I had only a month or two to go before being awarded the bachelor’s degree that would unlock every door and melt every maiden’s heart, but for the time being, I was a boy without a girlfriend. Then I ran into Annie S— on the steps of the big library, and was flabbergasted by her apparent receptivity to the idea of our becoming a romantic pair. I had known (of) her two years before, when we both inhabited a particular residence hall in which she was known for her wonderful huge breasts, and for her oddly named and very territorial boyfriend, who seemed to be everything I was not — handsome, virile, athletic, self-assured. Within a few minutes of ascertaining that she didn’t regard me as a frightful dweeb in spite of my wire-rim glasses and wispy moustache, we were up in one of the library’s cubicles, kissing and, well, petting, with sufficient enthusiasm to annoy the scholars on either side.

She moved in with me, into my grotty, soulless little one-bedroom apartment on Federal Avenue in West Los Angeles. (If ever a street’s name accurately conveyed its charmlessness!) I had an actual…old lady. I felt like a real boy!

I was already reviewing concerts for the Los Angeles Times, and began taking her with me. She was forever marveling at how wonderfully a band’s singer and principal instrumentalist complimented each other. I rarely agreed with her, but her sensitivity to musical sympathy inspired me to listen with particular interest to the newly released first Joe Cocker album, and to note that on one track guest Jimmy Page couldn’t possibly have heard Joe’s vocal before he recorded his guitar solo. Now it can be told: the great man’s resentment predated my disliking the first Led Zeppelin album in the pages of Rolling Stone!

Our sex was lousy in spite of her having a pair of black leather panties that I found quite wonderful. She’d get on top and bounce up and down on me with grim determination that she seemed to intend to be mistaken for lack of inhibition. Nonetheless, the night she didn’t come home from her waitressing job in Venice was one of the worst of my life, and shattered my heart so badly that it was a wonder I managed to take and pass the last final exams of my life. And then it got worse. When she came by to retrieve her stuff, she admitted that she didn’t really feel much beyond remorse. A few years later, I’d work that into my song “Brokenhearted Reggae.” She says it’s too hard. She’d rather discard everything that we’ve built [not, of course, that we’d built much in three weeks, but: poetic license!] When I feel the same, how can she claim all that she feels is guilt?

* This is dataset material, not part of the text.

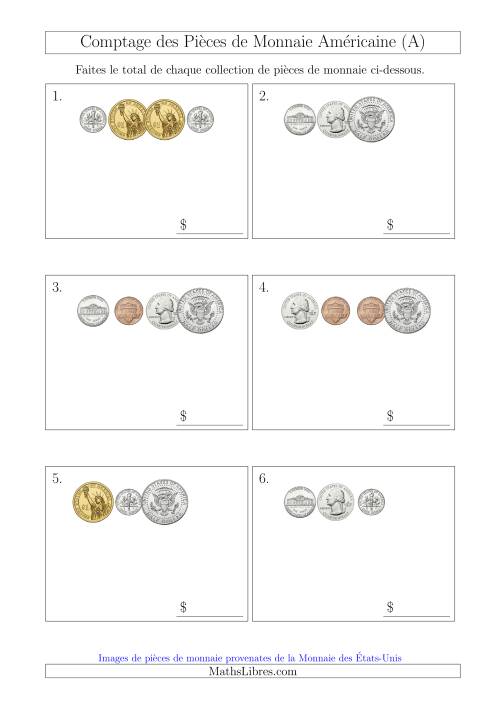 Comptage des Pièces de Monnaie Amécaine Incluant 1/2  1 Dollar (Petites Collections) (A)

I ascertained six years later while in the Bay Area on business that she was waitressing at a hip bistro in Marin County, and dropped in on her without warning. I’d repudiated the dweebishness of the last of my college days and entered my rock dreamboat phase since we’d last seen each other, and she very much liked the idea of our getting together that evening, perhaps for some grimly determined coitus. But then she had to excuse herself to attend to one of her tables, and Mr. Dylan’s fervently vindictive “Positively Fourth Street” began to play, and I thought to myself, “They’re playing our song!” My walking out of the restaurant with her imploring me in vain to come back felt somehow true, somehow deserved, though I won’t deny that thoughts of her wonderful breasts and black leather panties inspired some spirited masturbation that lonely night in my Miyako bathtub.